Expression and mechanism of action of miR-196a in epithelial ovarian cancer.

Objective: To explore the expression, biological function and possible mechanism of action of microRNA molecular-196a (miR-196a) in epithelial ovarian cancer.

Methods: RT-PCR was used to detect the expression quantities of epithelial ovarian tissue, benign ovarian tissue, normal ovary epithelial tissue, ovarian cancer cell lines and miR-196a in normal ovarian epithelial cells to analyze the relationship between the expression of miR-196a and the clinical pathologic parameters of ovarian cancer. Among those cell lines, the cell line of which miR-196a expressed the most or least was selected and transfected the ovarian cancer cell line by using negative control plasma and miR-196a inhibitor.
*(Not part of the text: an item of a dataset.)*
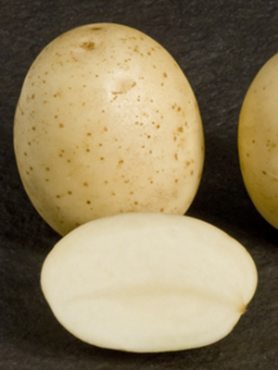 Картопля Саванна (1 кг)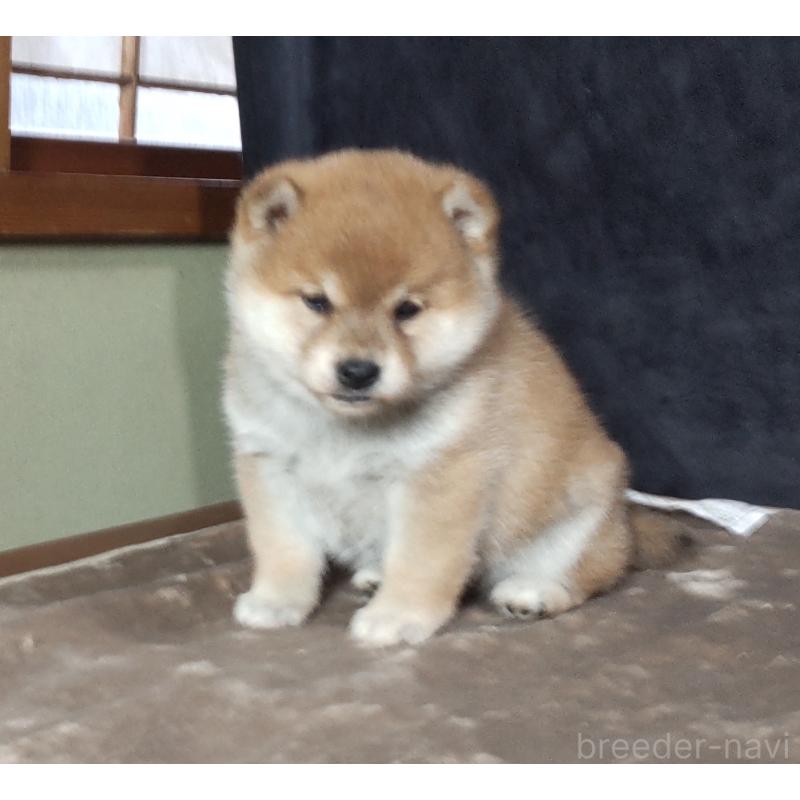 販売中の秋田県の柴犬-419725の3枚目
After transfection, RT-PCR was used to test the expression quantity of miR-196a, Transwell chamber method was applied to determine the migration and invasion abilities of ovarian carcinoma cells and Western blot was employed to detect the expression of HOXA10 protein.
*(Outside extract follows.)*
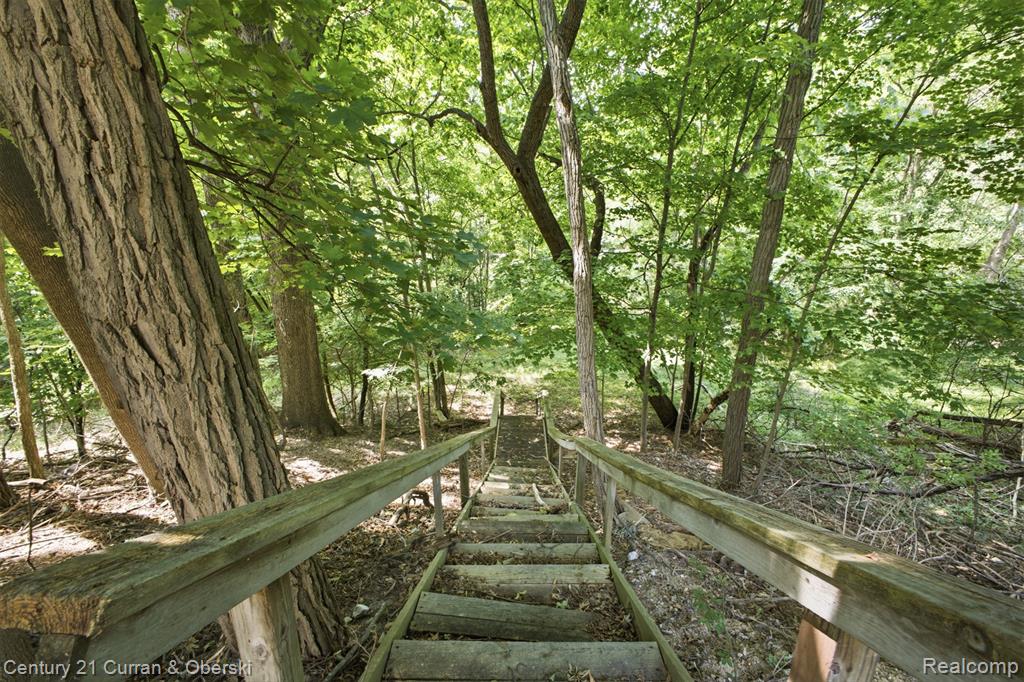 main property photo 39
Results: The relative expression quantities of miR-196a in ovarian cancer tissue and benign ovarian tissue were significantly higher than that in normal ovarian epithelial tissue, and the expression quantity of miR-196a in ovarian cancer tissue was distinctively higher than that in benign ovarian tissue (P < 0.05). Among 78 cases of epithelial ovarian cancer, the expression quantities of miR-196a in patients with low differentiation were all significantly higher than those in patients with high differentiation (P < 0.05). The expression of miR-196a showed no significant relation with age, clinical stage and whether CA125 was positive or not in patients (P > 0.05). Compared with normal ovarian epithelial cell line IOSE80, the expression quantities of miR-196a of all ovarian cancer cell lines increased obviously and differences were statistically significant (P < 0.05). Among them, the expression of miR-196a of ovarian cancer cell line SKOV3 was the highest, while it decreased significantly (4.678 ± 0.785 vs. 2.131 ± 0.345, t = 2.938, P < 0.05) after the ovarian cancer cell line SKOV3 was transfected by miR-196a inhibitor. The results of Transwell chamber method showed that the migration and invasion abilities of ovarian cancer cells SKOV3 were declined significantly after the expression of miR-196a was down-regulated and the difference showed statistical significance (P < 0.05). The results of Western blot revealed that the relative expression of HOXA10 decreased distinctly after the expression of miR-196a was down-regulated and also the difference showed statistical significance (P < 0.05).

Conclusions: The miR-196a might serve as a cancer-promoting gene to promote the migration and invasion of epithelial ovarian cancer by downstream target gene HOXA10.